_Task to carry out:_
Only the pictures are to be left out; please reproduce everything else in the data exactly.

_Recorded information:_
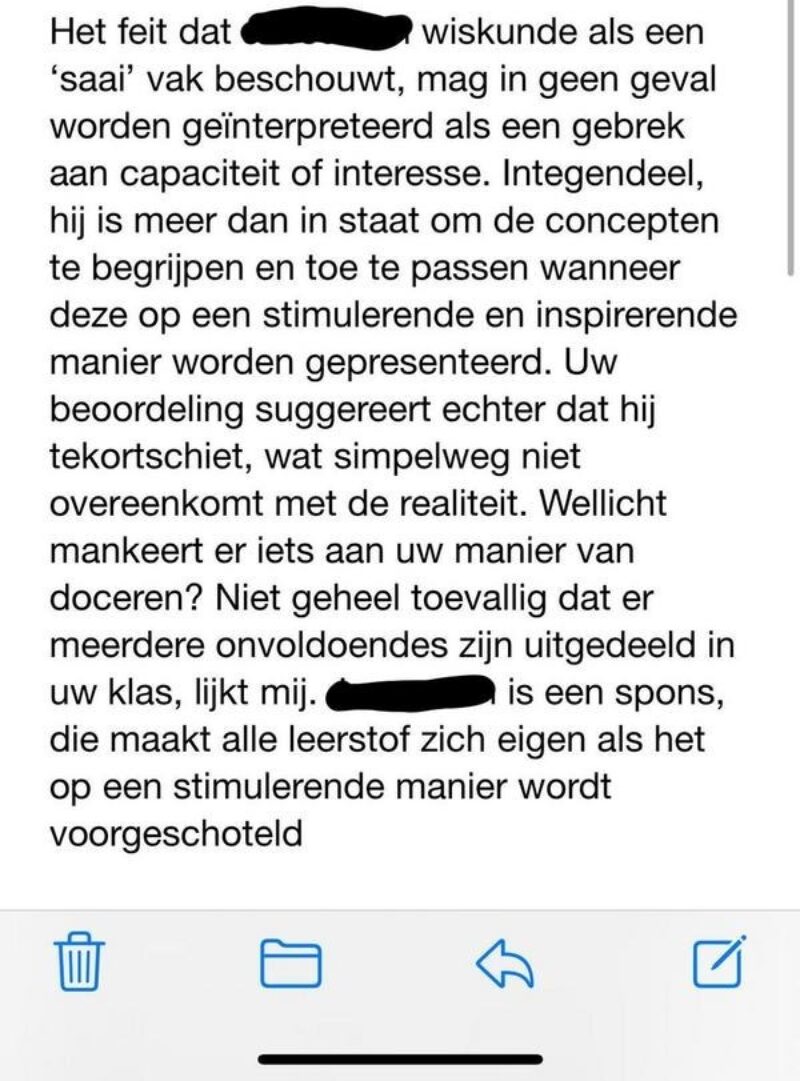 Vader schrijft boze mail nadat zijn kind onvoldoende scoort bij wiskunde: ''Kan niet''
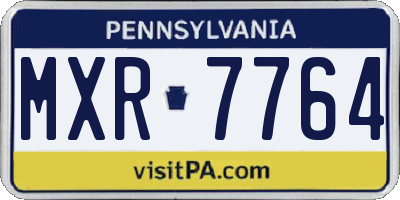 PA license plate MXR7764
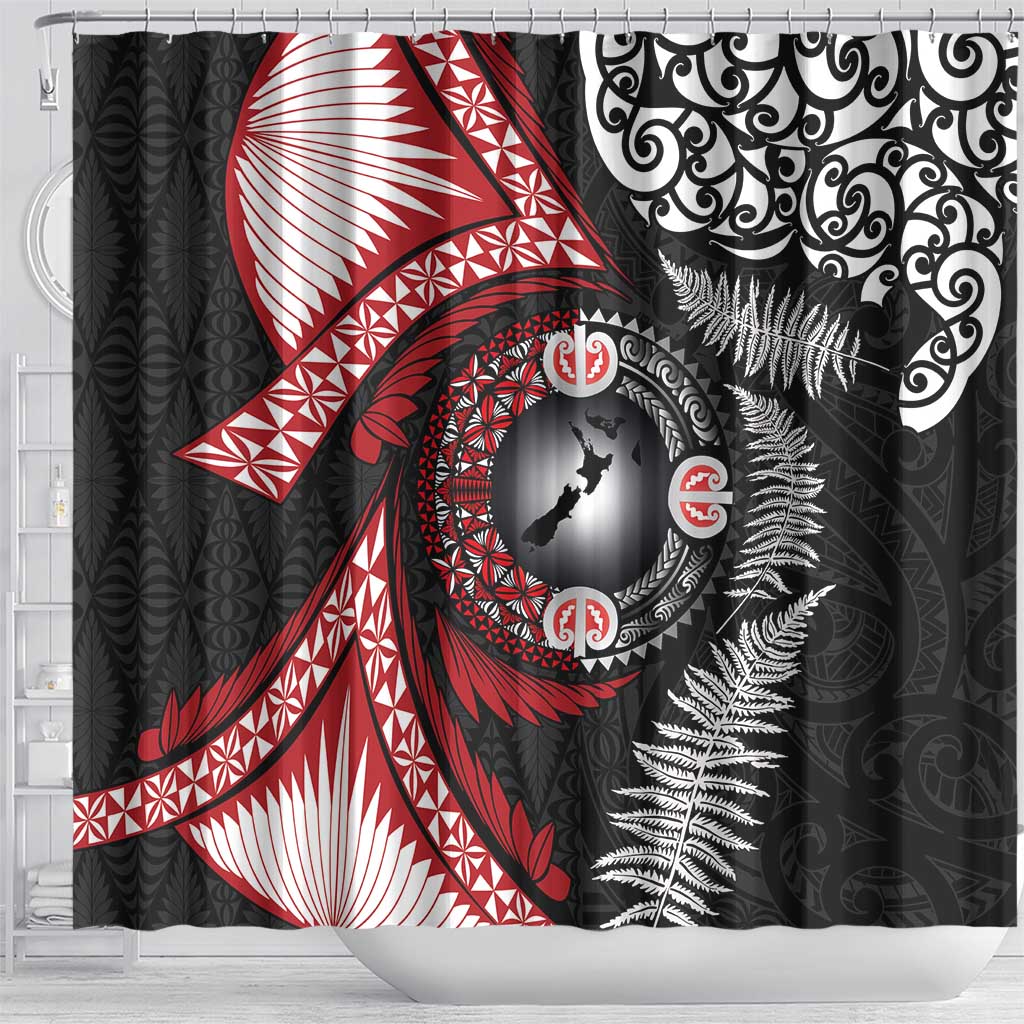 Tonga and New Zealand Together Shower Curtain Ngatu Art Tribal Maori Tattoo and Silver Fern LT03 - Polynesian Pride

_Completed task:_
 Vader schrijft boze mail nadat zijn kind onvoldoende scoort bij wiskunde: ''Kan niet''
 PA license plate MXR7764
 Tonga and New Zealand Together Shower Curtain Ngatu Art Tribal Maori Tattoo and Silver Fern LT03 - Polynesian Pride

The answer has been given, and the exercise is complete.